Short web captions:
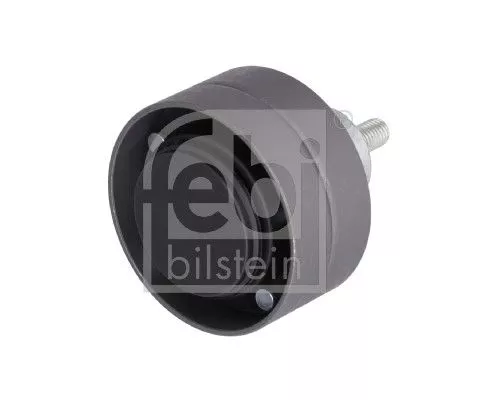 Febi Aux Belt Idler Pulley For Daf Ginaf Cf Cf 85 X-ser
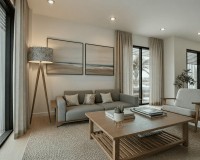 Nouvelle construction - Attique - Los Alcázares - Serena Golf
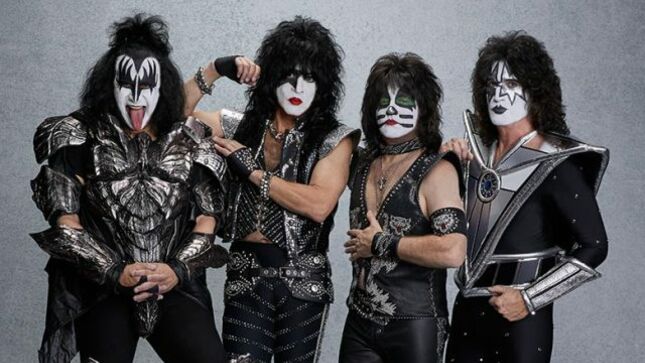 KISS Manager DOC McGHEE - "We Do Four Chords And Bad Lyrics, And It Works Fabulous"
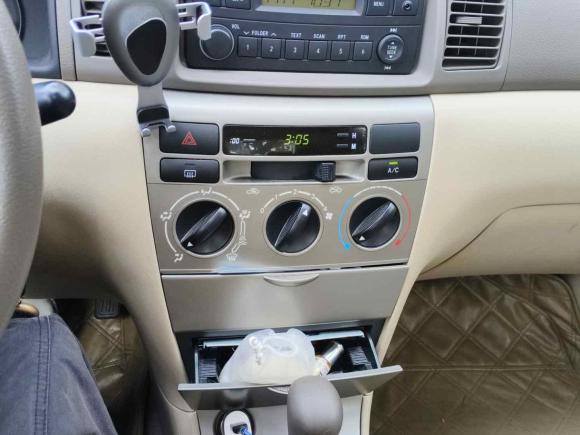 [上海·湘D] 二手丰田花冠2011款 1.6L 自动豪华版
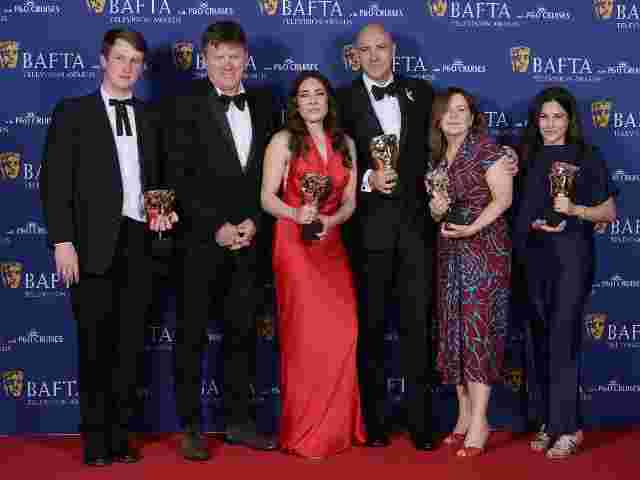 В Лондоні вручили премію BAFTA TV Awards 2026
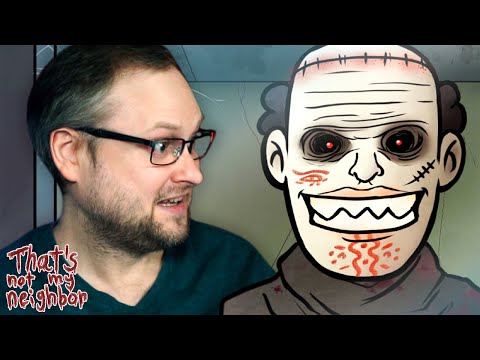 Видео: СОСЕДИ-МОНСТРЫ ► That's not my Neighbor #2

WHAT IS REQUIRED: Give back every entry verbatim. No pictures belong in the copy.

RESPONSE AREA:
 Febi Aux Belt Idler Pulley For Daf Ginaf Cf Cf 85 X-ser
 Nouvelle construction - Attique - Los Alcázares - Serena Golf
 KISS Manager DOC McGHEE - "We Do Four Chords And Bad Lyrics, And It Works Fabulous"
 [上海·湘D] 二手丰田花冠2011款 1.6L 自动豪华版
 В Лондоні вручили премію BAFTA TV Awards 2026
 Видео: СОСЕДИ-МОНСТРЫ ► That's not my Neighbor #2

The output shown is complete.